Forum Moderators: martinibuster

Message Too Old, No Replies

How much should Google be allowed to spider WRT AdSense?

TOS says "the Site(s), or any portion thereof"

         

claus

9:24 am on Apr 5, 2005 (gmt 0)

WebmasterWorld Senior Member 10+ Year Member



This is continued from Google's 302 Redirect Problem [webmasterworld.com] msg #74

The issue is: In some instances, a webmaster might want to exclude certain parts of a site from spidering altogether. One such part could be links that forward via a 302 server header, to protect innocent target websites against accidental "hijacking" but there are other -- more "normal" -- situations, examples below.

It seems like: If you want to run AdSense you must allow Google unlimited access to your site. Ie. You must allow acces to parts of your site that you otherwise would allow nobody (including Google) access to. This can't be intentional, can it?

Background

In the other thread, Reid replied to the above (302 link) suggestion:

Claus this could be a real problem for people running adsense because your not allowed to exclude googlebot from any part of your site.

... and elaborated with this:

last month I read on adsense guidelines 'do not use a robots.txt file. and then buried in the optimization tips there is a line

If you have a robots.txt file, remove the file or add the following two lines to the top of the file:

User-agent: Mediapartners-Google*
Disallow:

This change will allow our bot to crawl the content of your site, so that we may provide you with the most relevant Google ads.

The mediapartners bot is not the same as Googlebot, so with a rule like that Googlebot does not have the same rights as mediapartners.

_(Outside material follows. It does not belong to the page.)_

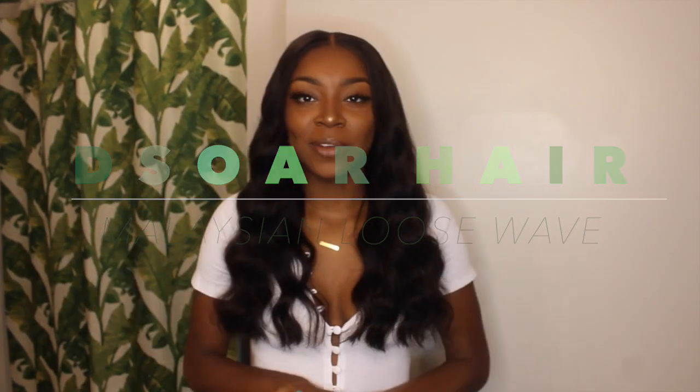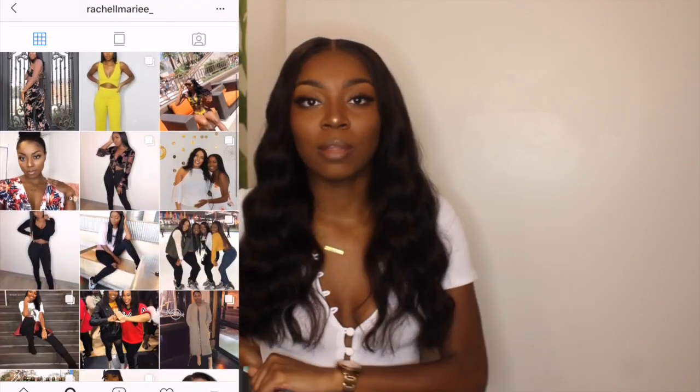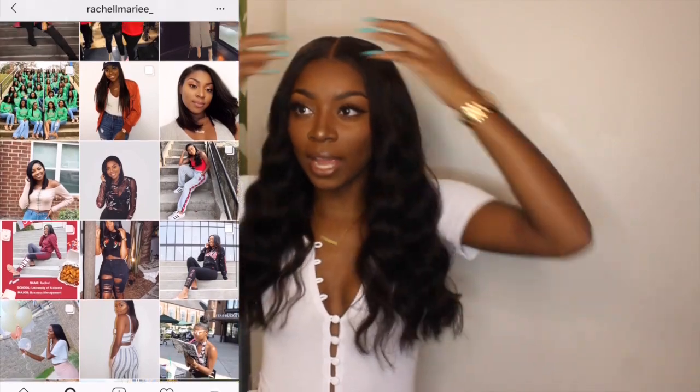Hey guys, it's me Rachel, and today I'm back with another hair video. Today's video will be showing you guys how I put on this closure wig that I made in my previous video. If you guys didn't see it, I'll leave a link down below. In that video I show you guys how I made this wig using the hot glue gun method — it didn't take that long, about an hour. It's a quicker alternative, and if you still have questions, be sure to check that video out.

Apart from that, the quote above is from the "optimization tips", which - by nature - are tips, not terms. This is what i found in the AdSense TOS, part 16:

In addition, You grant Google the right to access, index and cache the Site(s), or any portion thereof, including by automated means including Web spiders or crawlers.

URL: [google.com...]

So, i believe Reid is right, although it seems very wrong to me.

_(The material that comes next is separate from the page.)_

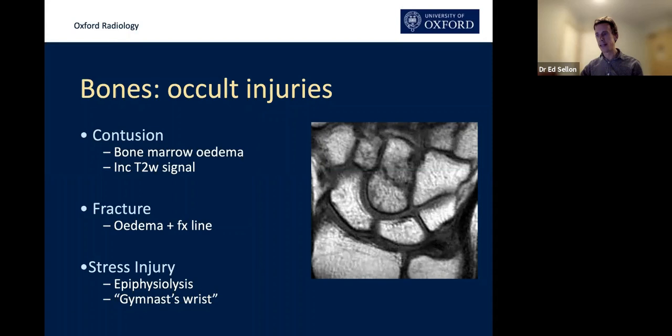What about stress injuries? These are essentially fatigue fractures occurring with repetitive stress in the context of normal bones. They're described in various carpal bones, each associated with a particular sport. In the scaphoid, we're particularly talking about sports associated with dorsiflexion such as shot-putting or gymnastics. Chronic stress injuries across the distal radial growth plates are also particularly important in young gymnasts — what we call gymnast wrist or epiphyseolysis.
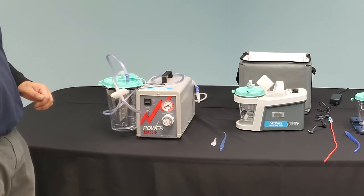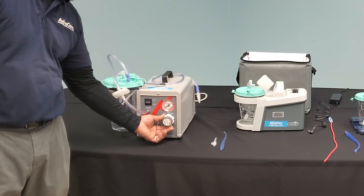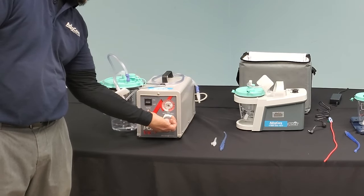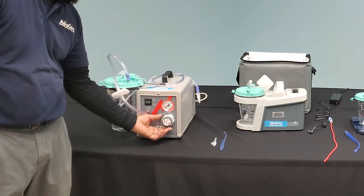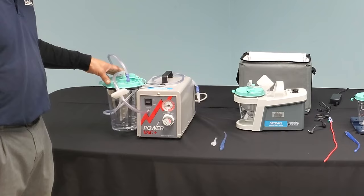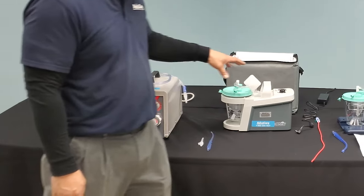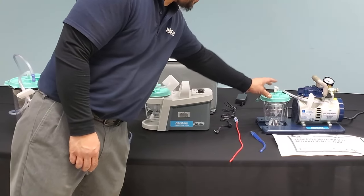After initiating power, you have two separate control knobs. The white knob allows you to select regular or INT for intermittent suction. On the regular setting, the machine acts as a continuous suction machine — providing continuous suction pressure just as a portable or stationary suction machine would.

Examples of situations where this seems odd:

If i have a page, link, or section that:

a) no real users will ever be able to access directly
b) does not carry adsense ads
c) should not be included in search results

Then, why should i allow anyone to spider it? It could be, eg. my super secret admin section or personal section with all my bank passwords or whatever (not that i have either of those, but some might have).

Other examples are eg. a graphics folder, a folder with stylesheets, or a folder such as "cgi-bin" that only contains scripts.

Questions:

Q1: Is this a flaw in the TOS that nobody has been paying attention to, or discovered?

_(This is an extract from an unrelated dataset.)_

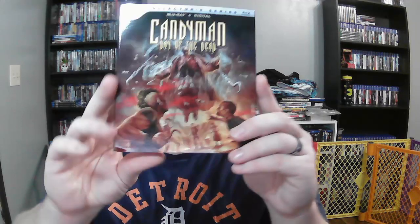Hey everyone, welcome back to another video. Let's just get right into it. We have an unboxing for Candyman: Day of the Dead. I've never seen any of the Candyman movies, so I will probably watch them this year.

Q2: Or - if i want to have AdSense, does that really mean that i should grant Google access to stuff that i would otherwise grant nobody (including Google) access to?

Q3: Could it really be right that i should grant the "Mediapartners bot" unlimited access - ie. more access than any other spider, including Googlebot?

[edited by: claus at 9:45 am (utc) on April 5, 2005]

Reid

9:31 am on Apr 5, 2005 (gmt 0)

WebmasterWorld Senior Member 10+ Year Member



'optimisation tips' URL
[google.com ]

sorry about that.

I knew I read that somewhere and when I signed up I carefully went through the terms and did come out with the impresssion that they wanted full access for bots. I imagine that this is to prevent hiding any sneaky tactics from an adsense point of view.

To get this thread back on topic, considering the 302 indexing problem with googlebot, this could be a problem for adsense publishers, esp what you pointed out clause

In addition, You grant Google the right to access, index and cache the Site(s),

does this prevent adsense publishers from using the NOARCHIVE?

diamondgrl

9:54 am on Apr 5, 2005 (gmt 0)

WebmasterWorld Senior Member 10+ Year Member



You can't be serious, can you?

It seems like it is reasonable language and only if you interpret Google as the most maniacal business partner on the planet would you be concerned with language like that. Their robots.txt instruction is just a helpful tip, not an ultimatum that you must follow or you go straight to Adsense hell.

Am I missing something here? Anyone?

claus

9:54 am on Apr 5, 2005 (gmt 0)

WebmasterWorld Senior Member 10+ Year Member



>> reasonable language

Diamondgrl, TOS'es are very serious and wording is important. The phrase "the Site(s), or any portion thereof" means "everything and no exceptions". I don't think this is reasonable, and i am serious about this.

I just can't believe that this would be intentional. Of course, the AdSense bot should be allowed access to every single page that contains AdSense ads, that's no issue - but access to everything?

I'd think that this was an error. Some minor adjustments in these TOS should be made here.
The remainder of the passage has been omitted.